Dans sa duplique, l’administration communale reprend et développe son argumentation ci-avant retracée. Dans ce cadre, elle fait encore état de ce que la partie demanderesse ne rapporterait aucun indice laissant présumer une fraude, mais qu’elle se bornerait « à affirmer gratuitement que les principes fondamentaux des marchés publics ne seraient pas garantis ».
L’article 42 (8) du règlement grand-ducal précité du 10 janvier 1989 dispose que « lors de la séance d’ouverture, toutes les feuilles du bordereau de soumission et des variantes sont marquées à titre de pièces de soumission ».
La formalité du marquage des feuilles des bordereaux de soumission et des variantes lors de la séance d’ouverture a, comme l’a fait relever à juste titre l’administration communale de Bertrange, pour vocation d’écarter le danger de fraudes consistant en l’altération ultérieure 5 des offres soumises et que le non-respect de cette formalité n’est pas expressément assorti de la sanction de la nullité de la procédure d’adjudication et qu’elle ne tient pas à l’existence ou à la substance même de l’acte.
Cette obligation du marquage des feuilles du bordereau de soumission constitue une prescription supplémentaire tendant à garantir la régularité de la procédure d’adjudication et le principe de l’égalité des chances entre les soumissionnaires.
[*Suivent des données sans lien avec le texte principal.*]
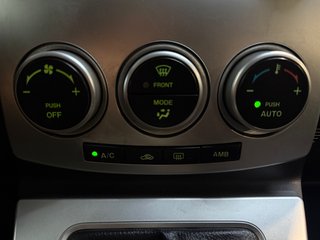Mazda 5 2006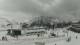 Ischgl So. 19.4.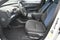 2026 Volvo EX30 Twin Motor Performance Plus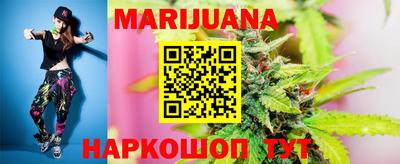 гидропоника Тара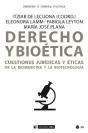 Derecho Y Bioética - Preview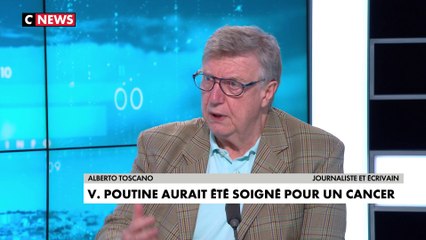 «L’Union européenne doit proposer un cessez-le-feu»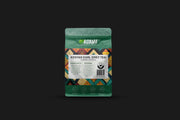 Cream Vanilla Kenyan Earl Grey Tea | Sunrise in Kenya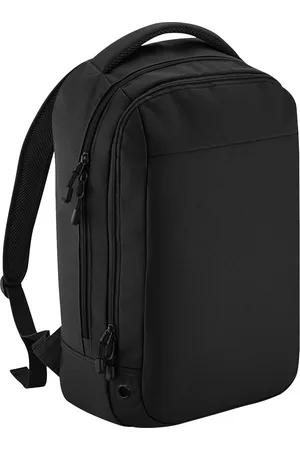 BagBase Mochila Athleisure para mujer
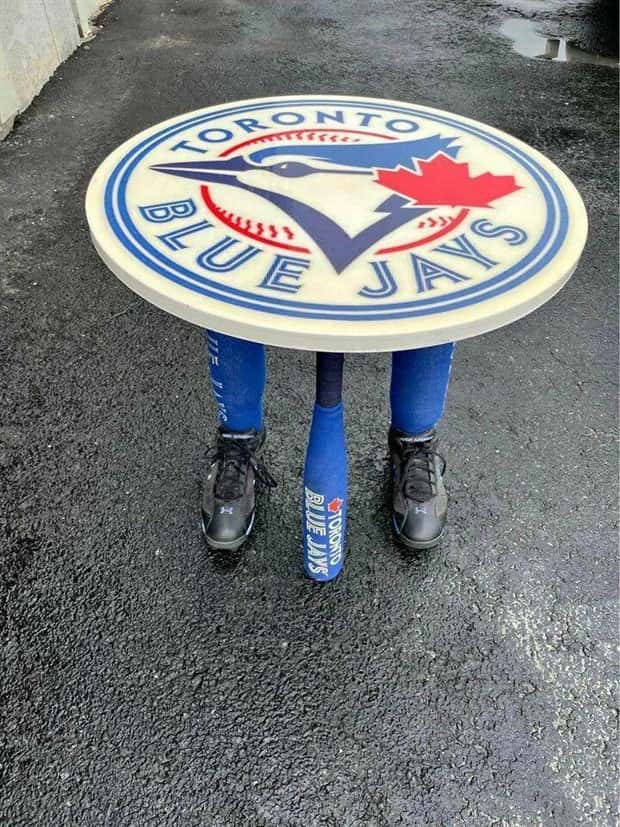 Klyker Picdump #1529 (44 photos)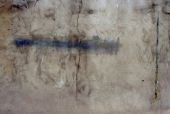 Wall Meditation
L’inobservation de l’obligation du marquage n’affecte cependant la légalité de la procédure d’adjudication que s’il ressort en outre des éléments du dossier que le jeu de la concurrence a été faussé, c’est-à-dire que les intérêts du maître de l’ouvrage ou des soumissionnaires ont été lésés.
Or, en l’espèce, étant relevé que l’ensemble des soumissions comportait le même défaut, c’est-à-dire que non seulement le bordereau de l’adjudicataire n’avait pas été marqué, mais que suite à une impossibilité matérielle, aucune feuille remise par un quelconque participant n’avait pu être marquée, force est de constater que le simple fait que l’offre de l’entreprise S. ait été préférée à celle de la demanderesse n’est pas suffisant pour établir une lésion de ses intérêts légitimes, dès lors qu’il se dégage des éléments d’appréciation soumis au tribunal que l’offre de l’adjudicataire était économiquement la plus favorable et qu’il n’est pas allégué par la demanderesse et qu’il n’appert d’aucun des éléments d’information soumis au tribunal que l’offre de l’entreprise S. aurait été manipulée postérieurement à sa remise, c’est-
à-dire qu’il y ait eu des manœuvres de particuliers voire un abus d’autorité afin de fausser la concurrence ou de porter atteinte à l’égalité de traitement des soumissionnaires.
Il s’ensuit qu’eu égard aux circonstances de l’espèce, l’inobservation de la formalité du marquage des feuilles des bordereaux de soumission n’a été préjudiciable ni pour l’administration communale ni pour la demanderesse ni encore pour un autre soumissionnaire, de sorte qu’elle n’est pas de nature à entraîner l’annulation de l’adjudication litigieuse.
Il s’ensuit que l’unique moyen d’annulation soulevé par la partie demanderesse laisse d’être fondé. Le recours en annulation n’est partant pas fondé et la demanderesse doit en être déboutée.
Par ces motifs, le tribunal administratif, deuxième chambre, statuant contradictoirement ;
se déclare incompétent pour connaître du recours principal en réformation ;
reçoit le recours subsidiaire en annulation en la forme ;
au fond, le déclare non justifié, partant le rejette, condamne la demanderesse aux frais.
Ainsi jugé par:
6 M. Schockweiler, vice-président M. Campill, premier juge Mme Lamesch, juge et lu à l’audience publique du 10 juillet 2002, par le vice-président, en présence de M. Legille, greffier.